GitHub - pvotio/ishares-components: iShares Components – A Python-based data pipeline that fetches, processes, and stores financial data related to iShares ETFs, integrating with Microsoft SQL Server for structured storage.

iShares Components

This repository contains an end-to-end Python ETL pipeline deployed to Azure Kubernetes Service (AKS). It scrapes key financial data on the constituents of various iShares ETFs, transforms the data, and loads it into an Azure SQL Database.
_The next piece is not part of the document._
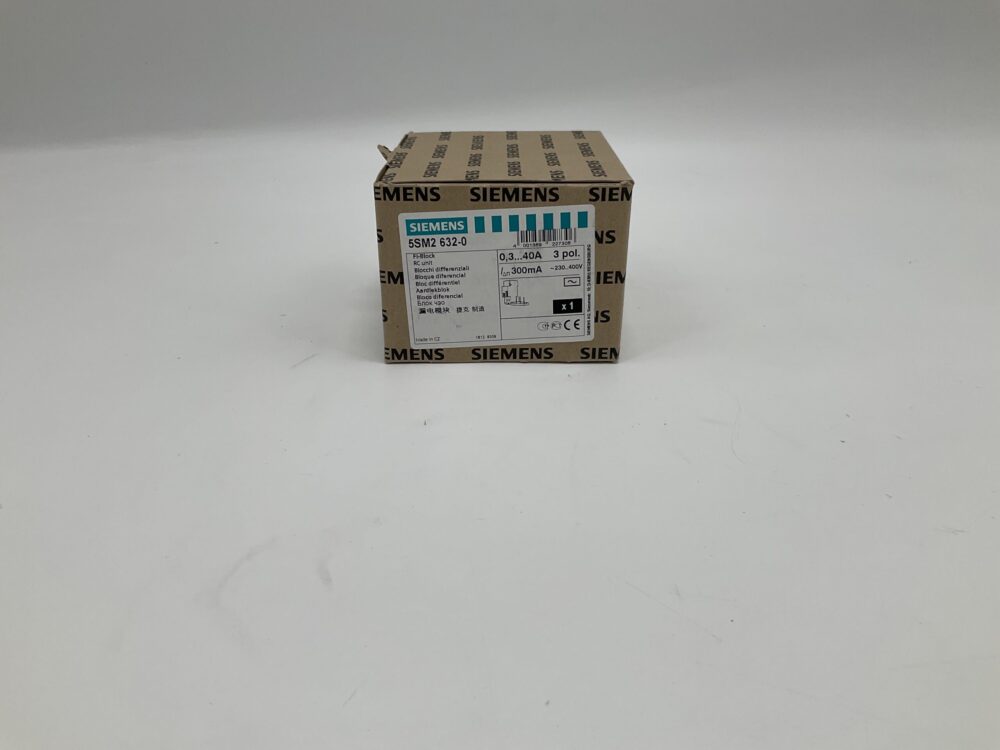 New Original Sealed Package SIEMENS 5SM2632-0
It is containerized with Docker, uses Azure Managed Identity for passwordless authentication, and routes scraping requests through Bright Data proxy.

Core Workflow

Initialization: main.py sets up logging and leverages Azure Workload Identity (Managed Identity) for passwordless authentication to Azure services—no stored credentials required.
Scraping: ishare.py retrieves ETF constituent tickers and metadata from iShares, routing HTTP requests through the Bright Data proxy.
Transformation: transformer.py and utils.py normalize, enrich, and validate the scraped data.
Loading: mssql.py connects to Azure SQL Database using Azure AD authentication (via Managed Identity) and performs upserts of transformed records.
Containerization: Dockerfile builds a Docker image based on Python 3.13.2, installs dependencies, and sets the ETL command.
Deployment: Image is pushed to Azure Container Registry (ACR) and deployed on AKS.

Architecture

Scraping Module: Fetches data via Bright Data proxy (ishare.py).
Transformation Module: Cleans and formats data (transformer.py, utils.py).
Database Module: Interfaces with Azure SQL DB (mssql.py).
Orchestration: core.py coordinates module execution by Managed Identity.
Container & CI/CD: Built with Docker and deployed via Azure Pipelines.

Prerequisites

Python 3.13.2+
Docker
Azure CLI
Azure subscription with permissions to create:
- AKS cluster
- Azure SQL Database
- Azure Container Registry
kubectl

Getting Started

Clone the Repository

git clone https://github.com/your_org/shares-components.git
cd shares-components

Configuration

settings.py: Update Azure SQL and ACR connection strings.
logger.py: Configure log levels and handlers.
azure-pipelines.yaml: Adjust registry connection and image repository variables as needed.

Environment Variables

The pipeline relies on these environment variables, typically injected via Kubernetes secrets or ConfigMaps:

Variable	Description
`LOG_LEVEL`	Logging verbosity (e.g., INFO, DEBUG)
`OUTPUT_TABLE`	Target table in Azure SQL DB
`BRIGHTDATA_USER`	Bright Data API username
`BRIGHTDATA_PASSWD`	Bright Data API password
`BRIGHTDATA_PROXY`	Proxy host (e.g., `brd.superproxy.io`)
`BRIGHTDATA_PORT`	Proxy port (e.g., `33335`)
`MSSQL_AD_LOGIN`	Enable Azure AD authentication (true)
`MSSQL_SERVER`	Azure SQL server hostname
`MSSQL_DATABASE`	Azure SQL database name

Dockerfile Details

Base Image: python:3.13.2-slim-bullseye
System Dependencies: Includes ODBC driver (msodbcsql18), mssql-tools, and Unix ODBC headers.
Python Dependencies: Installs packages from requirements.txt without cache.
User Context: Creates a non-root client user for security.
Command: Executes python main.py.

Scheduled Execution

This ETL pipeline is deployed on AKS as a Kubernetes CronJob to run automatically:

CronJob Name: std-etl-ishares-components
Namespace: etl
Schedule: 0 11 * * 0 (11:00 AM every Sunday)
TimeZone: CET
History Limits:
- successfulJobsHistoryLimit: 5
- failedJobsHistoryLimit: 1
Security & Resources:
- Runs as non-root user (UID/GID 1000)
- Read-only root filesystem
- Privilege escalation disabled
- Resource requests: 500m CPU, 256Mi RAM
- Resource limits: 4000m CPU, 2048Mi RAM

Azure Resources

AKS Cluster: Hosts the Kubernetes deployment.
Azure SQL DB: Stores normalized ETF data.
ACR: Stores Docker images.

CI/CD with Azure Pipelines

The azure-pipelines.yaml defines a pipeline that:

Builds a Docker image.
Pushes the image to ACR with tags latest and timestamped builds.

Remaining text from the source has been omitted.